Aunque más joven que los dramaturgos considerados sus contemporáneos, a Alejandro Sieveking siempre se le incluyó dentro de la llamada generación dramática de los años 50 (Wolff, Díaz, Vodanovic, Josseau, Aguirre, Rivano, Requena, Heiremans, entre otros). Porque más allá de la edad, sus intenciones autorales empalmaban perfectamente con el ideario de ese grupo que quiso poner en tela de juicio a la sociedad y a las personas de su tiempo, que deseó interrogarse respecto de las estructuras recibidas, efectuando una crítica hacia una tradición que se negaban a aceptar. Igualmente, su aspiración fue revelar la auténtica verdad que se escondía bajo las apariencias individuales y colectivas y en muchos casos plantear radicales modificaciones. Sus afanes fustigadores estaban en consonancia con la época que se vivía (finales de los años 50 y toda la década del 60), donde las palabras "cambio" y "crisis" parecían imponerse.

Y Sieveking adhirió sin reticencias a estas aspiraciones, como se puede ver en un texto publicado en 1966, cuando ya era un autor reconocido: "No me interesa ser un incomprendido ni pasar a la posteridad; quiero que el espectador actual vea en mis obras temas, problemas, imágenes que toquen de alguna manera su sensibilidad, entreteniéndolo y, ojalá, haciéndolo mejor. Quiero mejorar el mundo". Abordó su proyecto dramatúrgico casi siempre a través de un formato de realismo sicológico y social, como la mayor parte de su generación. De su copiosa horneada procede una de sus obras emblemáticas, Tres tristes tigres, esa sátira aguda a un segmento de la clase media chilena y a sus afanes de presuntuosa figuración social.

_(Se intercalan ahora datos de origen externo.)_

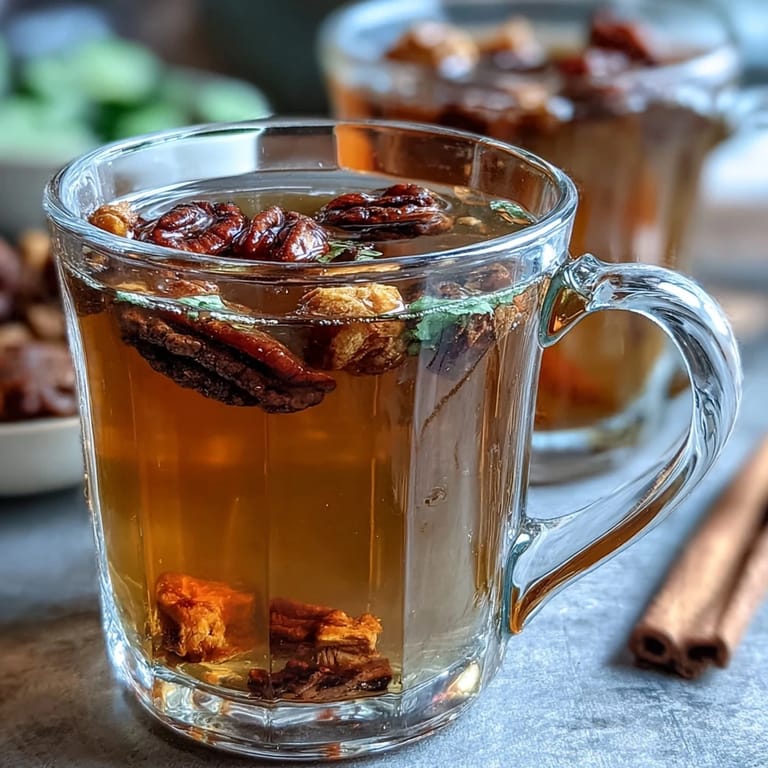 Earthy dandelion root tea with fresh ginger and turmeric, brewed to golden perfection and ready to soothe and warm.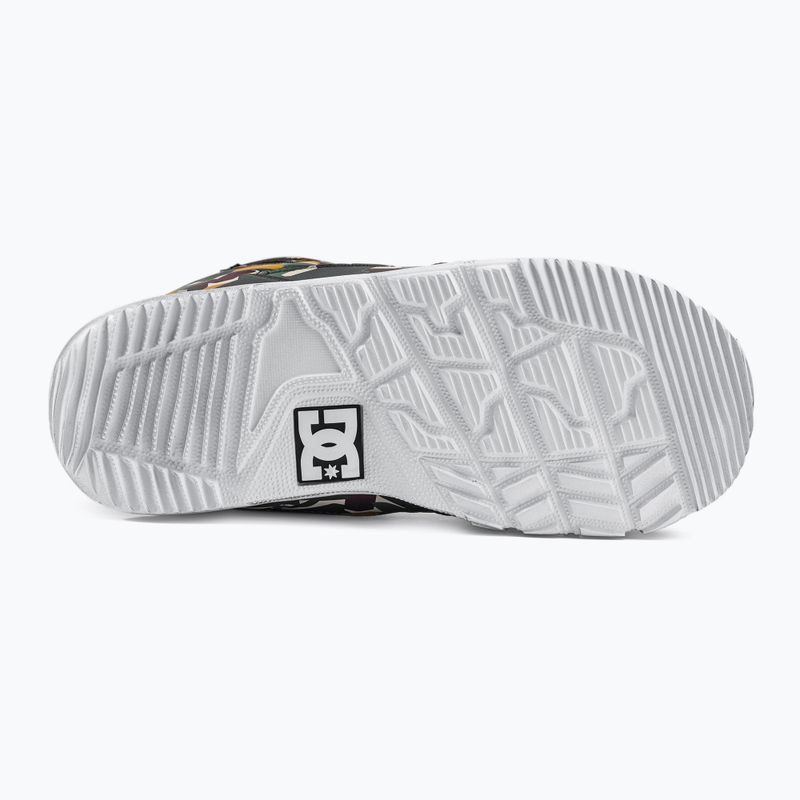 Черевики для сноуборду чоловічі DC SW Phase Boa green/brown/black 4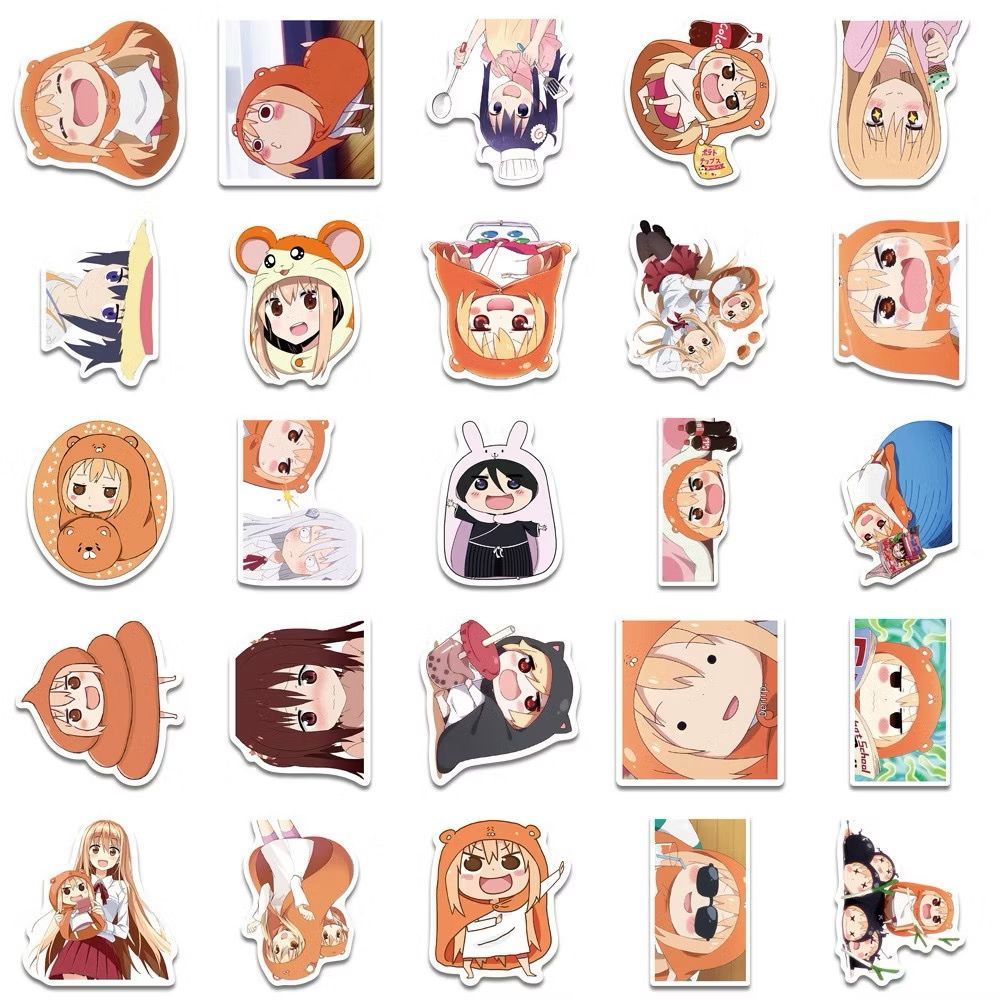 

Sticker Pack Sticker Aesthetic Anti Air untuk Personalisasi Laptop, HP, Koper dan Helm (43)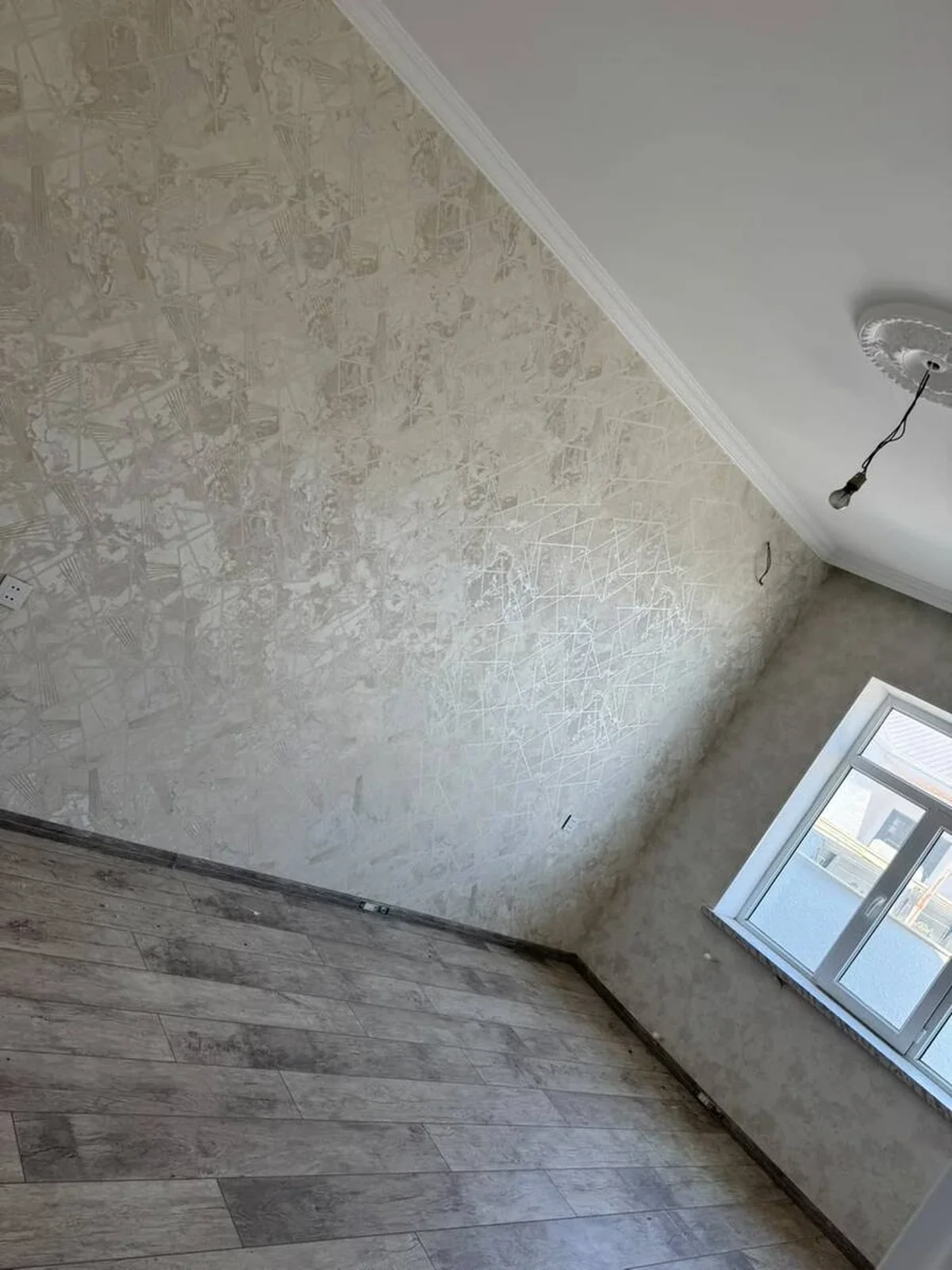 2 otaqlı həyət evi satılır Zabrat qəsəbəsində — Ev, villa, Bakı (6)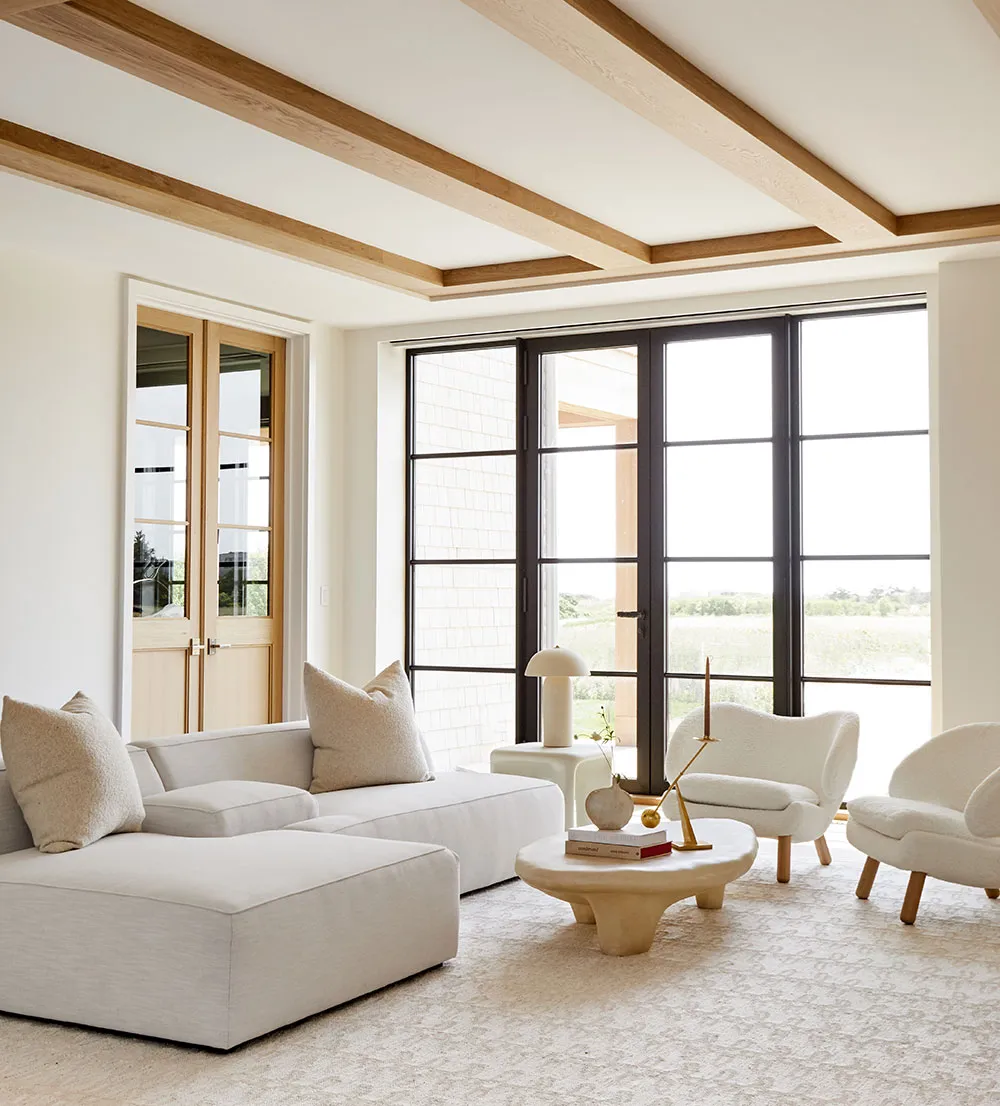 Wietrzny i przyjazny nowoczesny dom na plaży na Long Island - Gallery image 3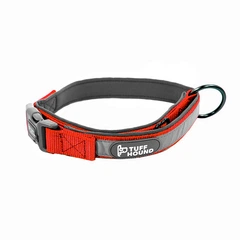 Без бренда Нашийник для собак TUFF HOUND 1427 Red XS з утяжкой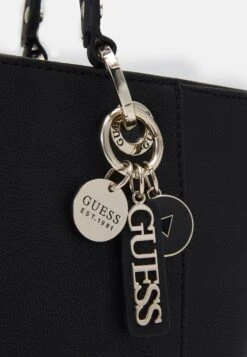Guess Noelle Elite Tote - Tote Bag - Black -Guess Clothing Sale 17f0f7a8fbe648fb8e8211dbd1538546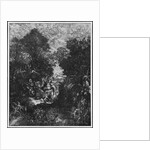 The Good Samaritan, 1861 by Rodolphe Bresdin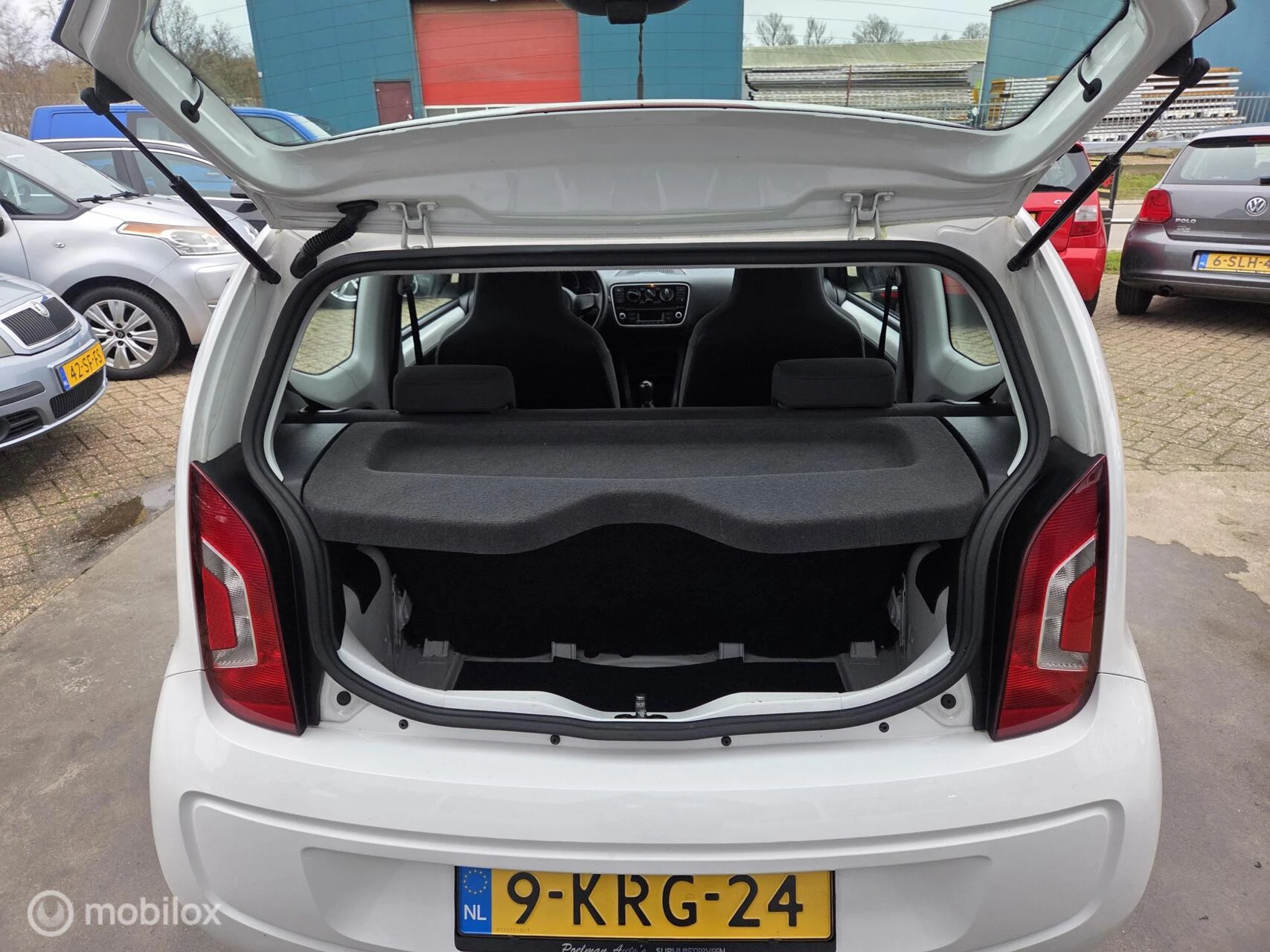Hoofdafbeelding Volkswagen up!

Pero sin duda que la mayor impronta que Sieveking ha dejado en la historia de la dramaturgia chilena son sus obras relativas a la recuperación de un mundo popular, de un pasado histórico y de algunos mitos y leyendas fundacionales, aunque con un renovado punto de vista, alejándose de un folclore más o menos convencional o de un registro documentalista. Ello se encuentra en obras como Ánimas de día claro, La remolienda (ese clásico del teatro chileno), La virgen de la manito cerrada y La comadre Lola. En estas creaciones no se plantea un folclorismo de aires criollistas, sino que se trata de unas historias donde predominan la ternura y la dimensión mítica o mágica de unos personajes sencillos, algo legendarios, de honda humanidad, rescatándose así cierta mirada popular de gran poesía y empatía. Es justamente la mirada de ese país, que siempre nos resulta sorprendente, lo que conservaremos como su inestimable herencia.